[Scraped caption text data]
★ ★ ★ ★ ★ ★ ★

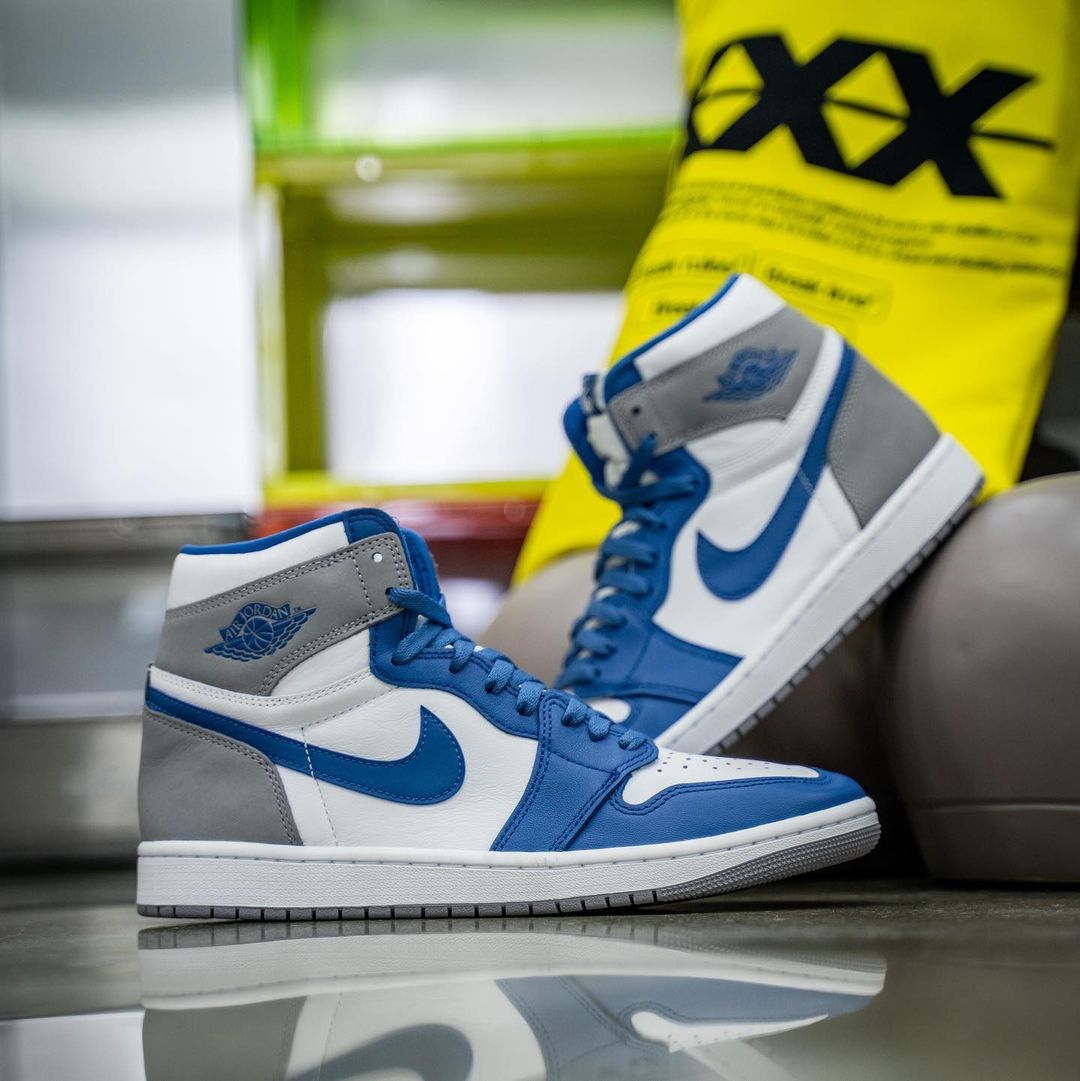 NIKE ナイキ AIR JORDAN 1 RETRO HI OG UNIVERSITY BLUE エアジョーダン1ハイOG ユニバーシティブルー ハイカットスニーカー ホワイト/ブルー US10 DZ5485-400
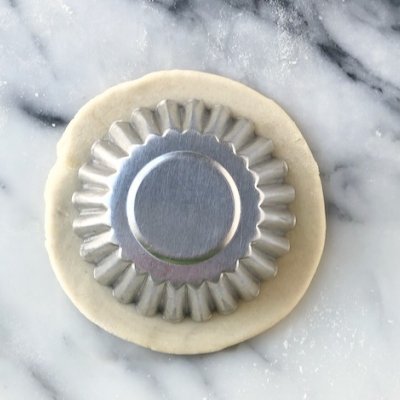 葡式蛋挞是酥皮的吗,澳门葡式蛋挞的特点是什么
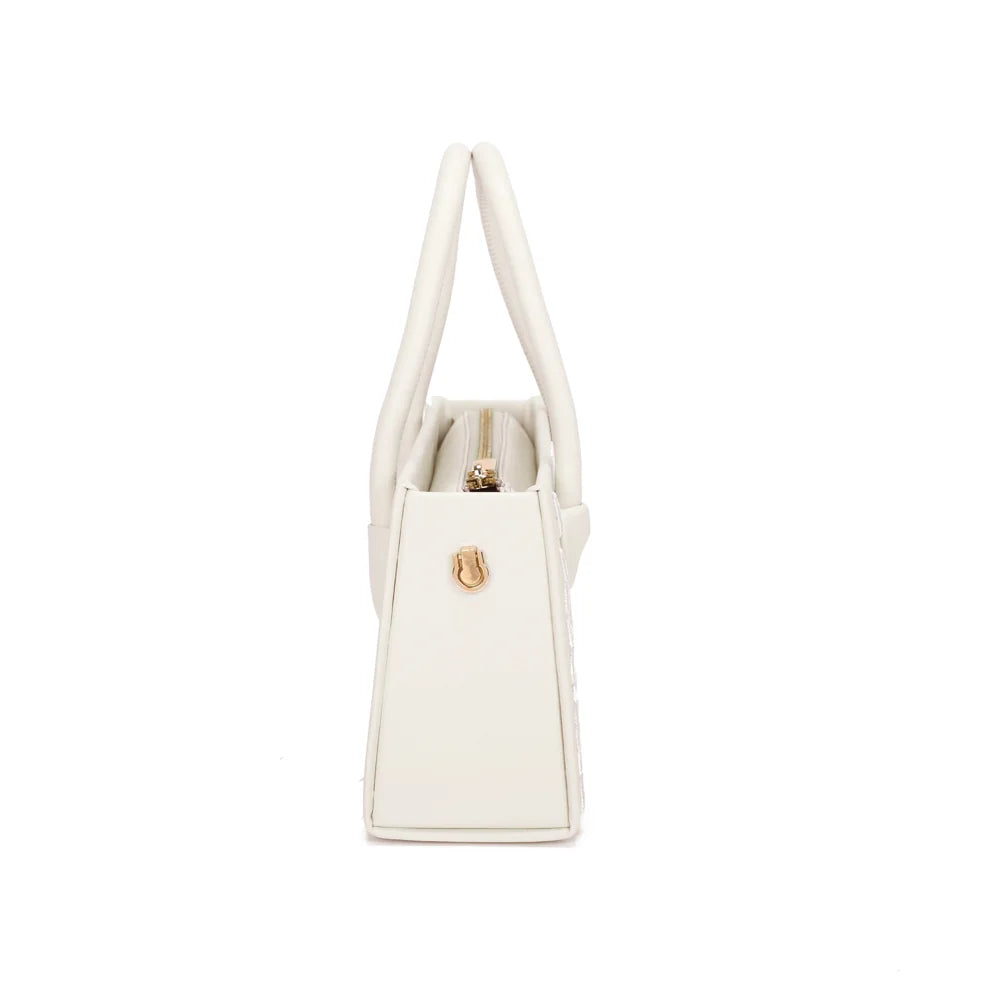Profil du Sienna blanc : 8 cm de profondeur et anneau doré pour la bandoulière – réf. YL-26014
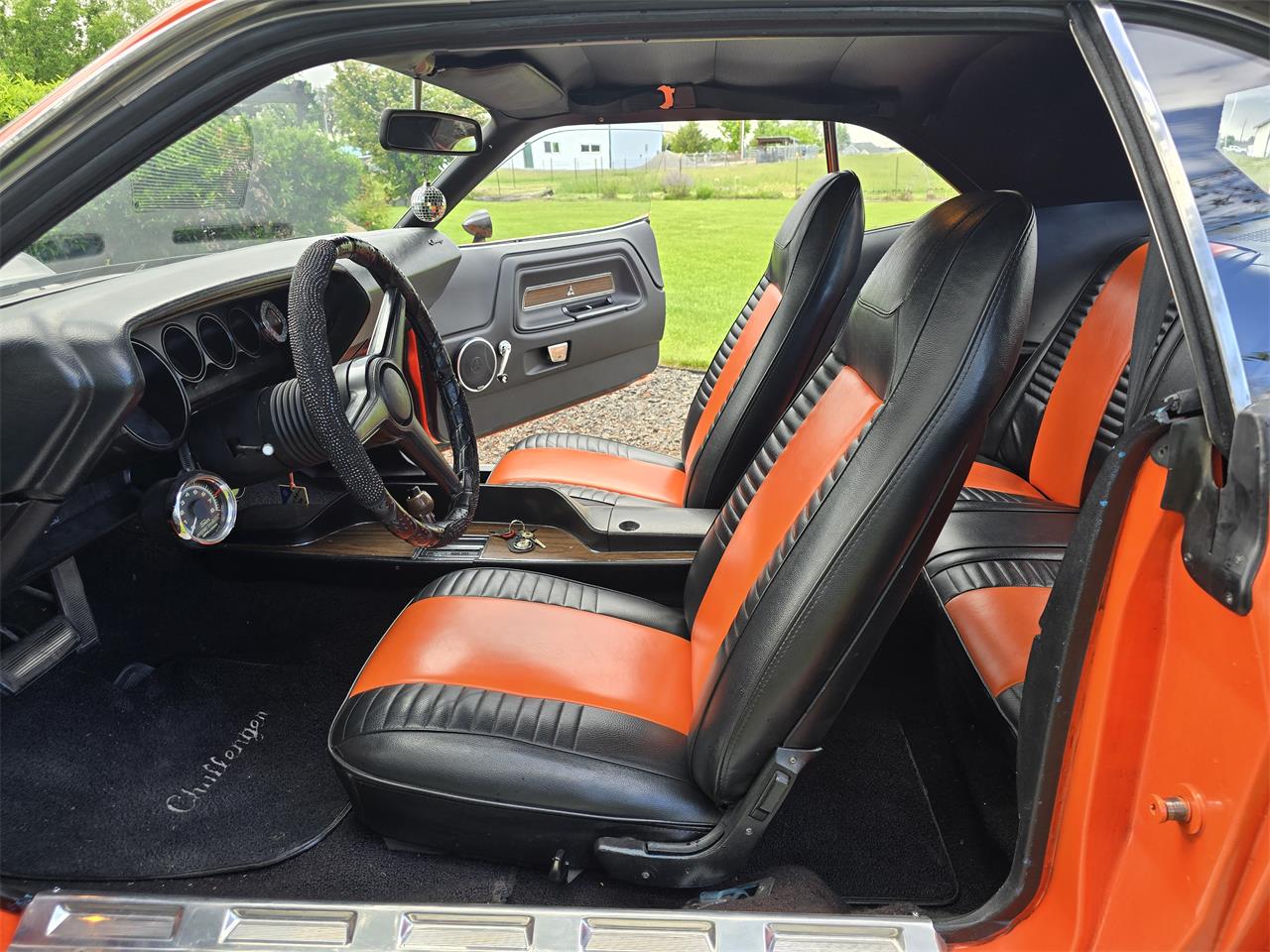 Dodge-Challenger-1970-Tangerine-Orange-Black-amp-Orange-38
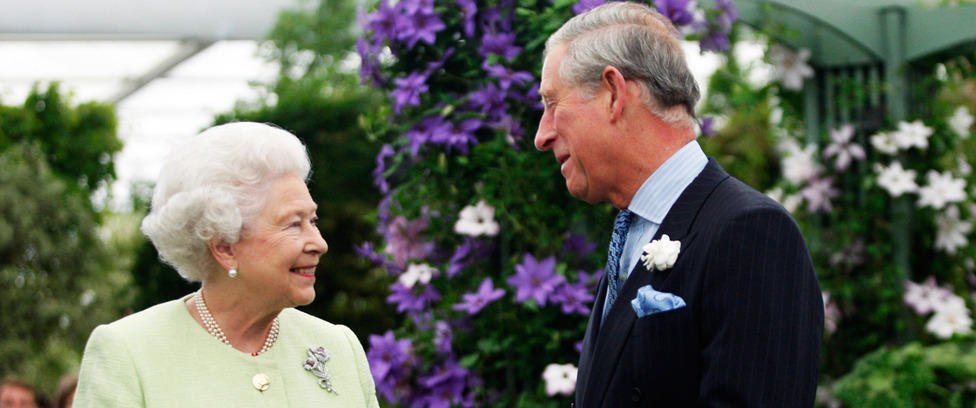 Хатан хаан Элизабет тэтгэвэртээ гарч, ханхүү Чарльз хаан ширээнд сууна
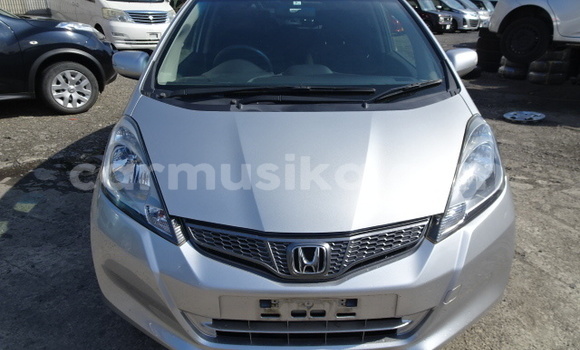 Acheter Occasion Voiture Honda Fit Gris à Beitbridge, Matabeleland South Acheter Occasion Voiture Honda Fit Gris à Beitbridge, Matabeleland South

★ ★ ★ ★ ★ ★ ★

# Task description:
From the first line of the entries above down to the line holding "Profil du Sienna", quote each line exactly and nothing else, skipping pictures.

# Answer to the problem:
 NIKE ナイキ AIR JORDAN 1 RETRO HI OG UNIVERSITY BLUE エアジョーダン1ハイOG ユニバーシティブルー ハイカットスニーカー ホワイト/ブルー US10 DZ5485-400
 葡式蛋挞是酥皮的吗,澳门葡式蛋挞的特点是什么
Profil du Sienna blanc : 8 cm de profondeur et anneau doré pour la bandoulière – réf. YL-26014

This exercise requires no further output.